Interviews/Rob Halsell

Interview with Rob Halsell from Wikimedia January 11, 2010
Background & Prior experience before Wikimedia, roles in Wikimedia

Always been doing computing in IT – as either network administrator or file administrator for various corporations
Worked in data centers at large corporations
Started at Wiki in December 2006
Responsible for site operations management of the primary data centers – handles the vendor relationships and purchasing in Florida facility, also does system administration and software configuration
Also does some IT tech support for the office

For site operations and data centers, what are the primary strengths of the Wikimedia systems and primary weakness?
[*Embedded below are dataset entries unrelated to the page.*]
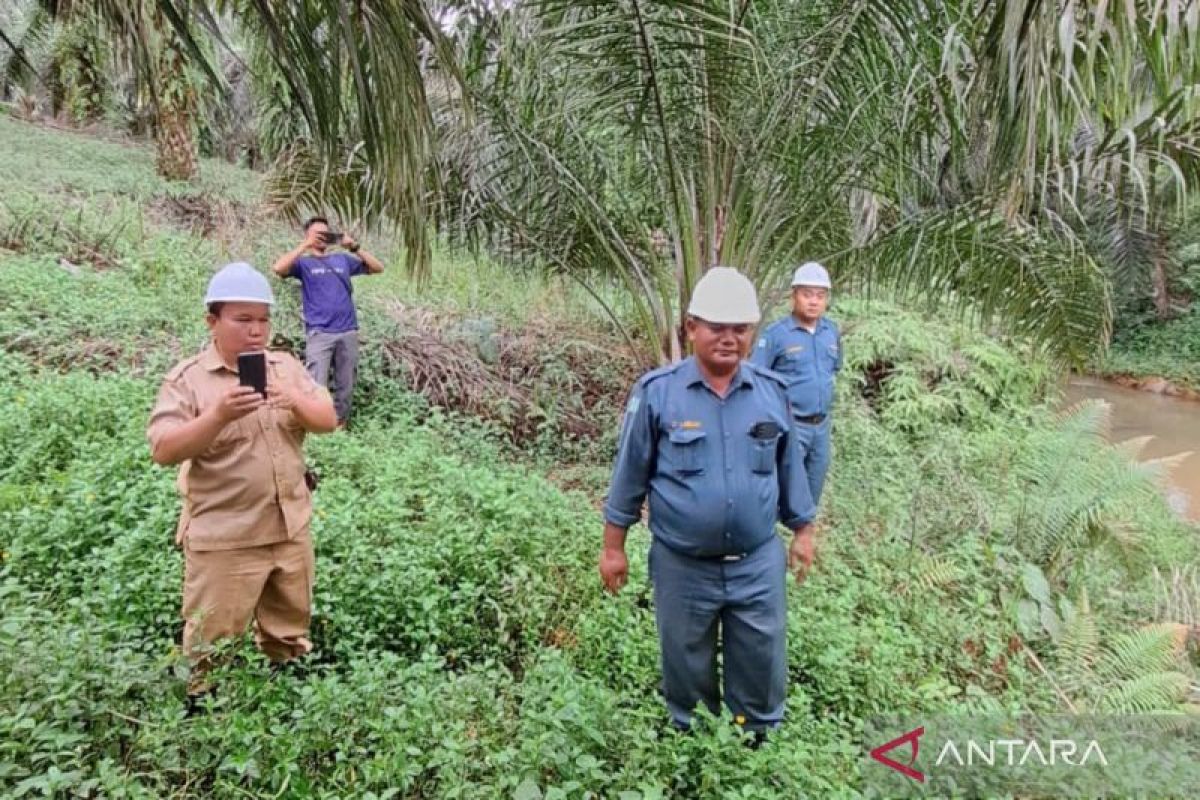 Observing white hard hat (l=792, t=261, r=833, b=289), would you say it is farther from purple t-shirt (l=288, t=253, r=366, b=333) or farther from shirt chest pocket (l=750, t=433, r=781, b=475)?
purple t-shirt (l=288, t=253, r=366, b=333)

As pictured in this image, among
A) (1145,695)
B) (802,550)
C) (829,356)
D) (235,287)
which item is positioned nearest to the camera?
(235,287)

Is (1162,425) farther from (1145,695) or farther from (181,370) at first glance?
(181,370)

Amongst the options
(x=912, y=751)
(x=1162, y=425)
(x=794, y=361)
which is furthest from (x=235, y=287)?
(x=1162, y=425)

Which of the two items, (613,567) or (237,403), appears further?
(613,567)

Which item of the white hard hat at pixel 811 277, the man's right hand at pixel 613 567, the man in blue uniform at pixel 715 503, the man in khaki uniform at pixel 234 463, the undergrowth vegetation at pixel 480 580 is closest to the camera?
the undergrowth vegetation at pixel 480 580

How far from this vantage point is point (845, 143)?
169 inches

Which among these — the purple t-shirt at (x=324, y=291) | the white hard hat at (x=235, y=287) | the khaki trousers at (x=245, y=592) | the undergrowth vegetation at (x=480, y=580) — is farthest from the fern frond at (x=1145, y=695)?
the purple t-shirt at (x=324, y=291)

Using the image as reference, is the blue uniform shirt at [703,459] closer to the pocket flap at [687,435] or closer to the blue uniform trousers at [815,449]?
the pocket flap at [687,435]

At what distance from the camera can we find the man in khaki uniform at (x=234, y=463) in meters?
2.19

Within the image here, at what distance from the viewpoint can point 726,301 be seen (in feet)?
7.46

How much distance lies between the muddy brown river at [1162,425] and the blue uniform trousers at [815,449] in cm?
527

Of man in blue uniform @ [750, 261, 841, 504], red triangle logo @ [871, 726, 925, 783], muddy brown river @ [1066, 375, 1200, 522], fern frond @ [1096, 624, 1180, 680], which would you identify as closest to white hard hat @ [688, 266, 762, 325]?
red triangle logo @ [871, 726, 925, 783]

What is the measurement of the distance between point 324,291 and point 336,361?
0.54 metres

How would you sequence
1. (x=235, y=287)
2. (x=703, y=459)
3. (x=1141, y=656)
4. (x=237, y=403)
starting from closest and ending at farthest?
(x=237, y=403), (x=235, y=287), (x=703, y=459), (x=1141, y=656) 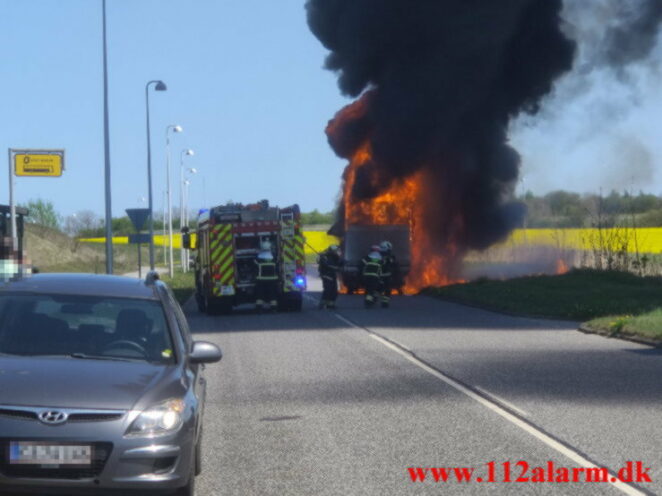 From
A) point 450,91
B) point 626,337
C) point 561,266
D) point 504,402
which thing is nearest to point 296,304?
point 626,337

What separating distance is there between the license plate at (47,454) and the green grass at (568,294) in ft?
63.5

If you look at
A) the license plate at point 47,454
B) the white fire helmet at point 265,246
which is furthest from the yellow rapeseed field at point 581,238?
the license plate at point 47,454

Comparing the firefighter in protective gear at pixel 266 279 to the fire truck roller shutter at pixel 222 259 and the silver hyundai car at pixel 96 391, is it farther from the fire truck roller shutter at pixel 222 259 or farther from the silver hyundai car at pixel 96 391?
the silver hyundai car at pixel 96 391

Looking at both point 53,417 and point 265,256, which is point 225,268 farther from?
point 53,417

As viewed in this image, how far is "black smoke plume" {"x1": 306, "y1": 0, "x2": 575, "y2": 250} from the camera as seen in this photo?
141ft

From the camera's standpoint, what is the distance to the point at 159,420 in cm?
716

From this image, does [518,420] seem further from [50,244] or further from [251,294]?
[50,244]

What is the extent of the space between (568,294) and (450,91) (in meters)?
13.5

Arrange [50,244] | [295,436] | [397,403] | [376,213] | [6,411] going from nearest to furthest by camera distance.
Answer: [6,411] → [295,436] → [397,403] → [376,213] → [50,244]

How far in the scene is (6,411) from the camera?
268 inches

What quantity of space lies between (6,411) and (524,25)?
4036cm

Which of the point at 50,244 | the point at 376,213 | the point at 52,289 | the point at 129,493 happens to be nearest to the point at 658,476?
the point at 129,493

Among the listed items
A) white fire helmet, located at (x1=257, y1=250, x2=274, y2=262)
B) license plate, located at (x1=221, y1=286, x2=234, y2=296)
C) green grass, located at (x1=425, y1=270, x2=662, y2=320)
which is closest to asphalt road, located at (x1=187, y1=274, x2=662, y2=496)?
green grass, located at (x1=425, y1=270, x2=662, y2=320)

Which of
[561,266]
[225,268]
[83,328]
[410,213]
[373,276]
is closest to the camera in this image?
[83,328] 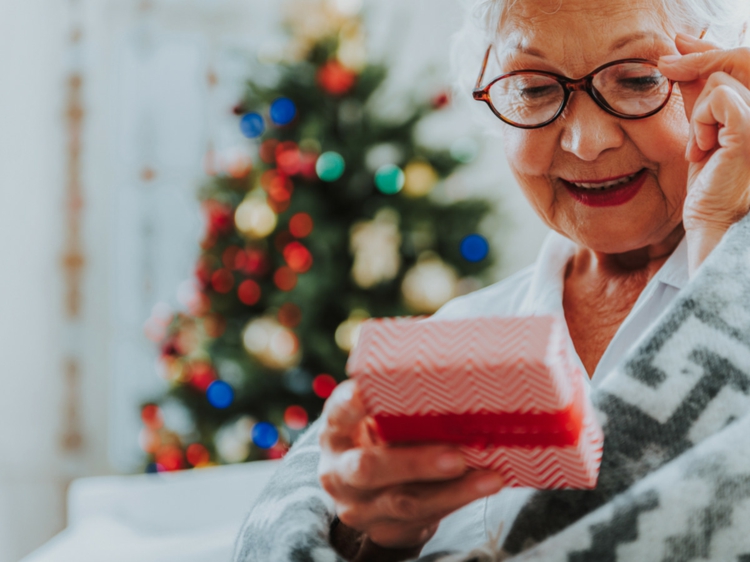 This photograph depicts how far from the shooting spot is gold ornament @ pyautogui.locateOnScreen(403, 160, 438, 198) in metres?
2.26

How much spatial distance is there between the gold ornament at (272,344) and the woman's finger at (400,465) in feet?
5.78

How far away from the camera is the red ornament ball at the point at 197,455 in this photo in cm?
246

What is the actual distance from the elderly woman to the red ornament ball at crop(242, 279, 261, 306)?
134cm

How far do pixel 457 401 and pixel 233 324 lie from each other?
80.1 inches

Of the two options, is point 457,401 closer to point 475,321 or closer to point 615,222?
point 475,321

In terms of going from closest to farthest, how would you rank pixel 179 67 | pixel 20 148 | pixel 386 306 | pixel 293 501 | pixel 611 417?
1. pixel 611 417
2. pixel 293 501
3. pixel 386 306
4. pixel 20 148
5. pixel 179 67

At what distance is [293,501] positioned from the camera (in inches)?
27.7

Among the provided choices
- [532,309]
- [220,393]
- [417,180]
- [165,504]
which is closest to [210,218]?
[220,393]

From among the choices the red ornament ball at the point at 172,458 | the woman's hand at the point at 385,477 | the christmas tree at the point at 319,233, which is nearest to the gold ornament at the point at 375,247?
the christmas tree at the point at 319,233

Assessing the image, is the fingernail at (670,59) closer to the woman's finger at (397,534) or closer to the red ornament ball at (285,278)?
the woman's finger at (397,534)

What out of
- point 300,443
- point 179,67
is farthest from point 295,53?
point 300,443

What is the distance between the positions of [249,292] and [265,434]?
460 mm

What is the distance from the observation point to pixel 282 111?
2.28 meters

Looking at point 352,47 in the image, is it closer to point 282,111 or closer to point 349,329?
point 282,111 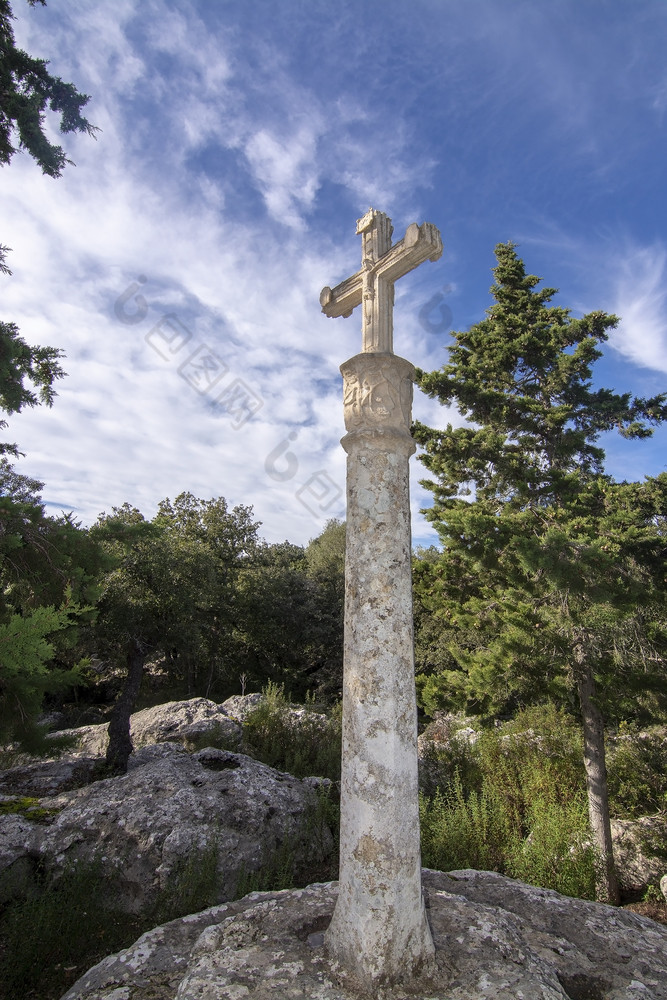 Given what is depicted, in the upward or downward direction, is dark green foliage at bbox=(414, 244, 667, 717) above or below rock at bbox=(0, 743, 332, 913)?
above

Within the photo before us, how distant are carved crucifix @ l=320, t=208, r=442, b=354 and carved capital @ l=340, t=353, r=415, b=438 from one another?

Weakness – primary datacenter in Tampa – hurricane damage with internet issues for months after the hurricane. Need a multi-hone approach to data centers – that is the biggest issue
Strengths – Fact that have has been able to do a whole lot with a very small footprint (in one building with small budget) – But still need another data center.

What leads to Wikimedia’s success with a small footprint?

People they have are very competent and intelligent – they have done this for other large scale companies or are volunteers working at large scale companies

Site reliability – Frequent outages and room for human error – can you shed a little light the reason for the site outages?

Don’t have a fully developed sandbox where we can't test software – we once pushed a software change and the load was exponential on the backend

What would be the solution to enable to test the software in a safe environment?

Need to be more developed sandbox environment – not sure what the programmers need

From operations piece of it – Heard people say they need a sandbox – What would be involved in developing a sandbox?

Already setting up a sandbox – load balancing – making steps to do that
There is an easy short term fix that will be done within the first two months
Trying to get a development sandbox set up – doesn’t need to be on the agenda for like eight months
Think it is something that can be solved soon. – there are 18 people involved in developing it – strong consensus that this is something that Wiki should do and first step is not that difficult to be put into place.
Will have the first steps of the hardware done in the next couple of months and then the long term goal will be to refine the software

We have been hearing that the one of the big 5 year operations goal would be a data server that is not in Tampa

In the next year, we need one data center outside of Tampa
In the next five years, we need multiple data centers – no other top ten sites have only one data center

What happened to the server in Korea?

Yahoo donated half a rack of servers to Wiki – it was not a donation to keep – Yahoo would pay for everything – speeds up access to Wikipedia in that area of the world
There was no paperwork for this – could never find anything to prove the conditions – there had been a lot of turnover and no record of anything – the server started to break
We turned off the servers and left them alone

Can Wiki use an outside party for the data centers?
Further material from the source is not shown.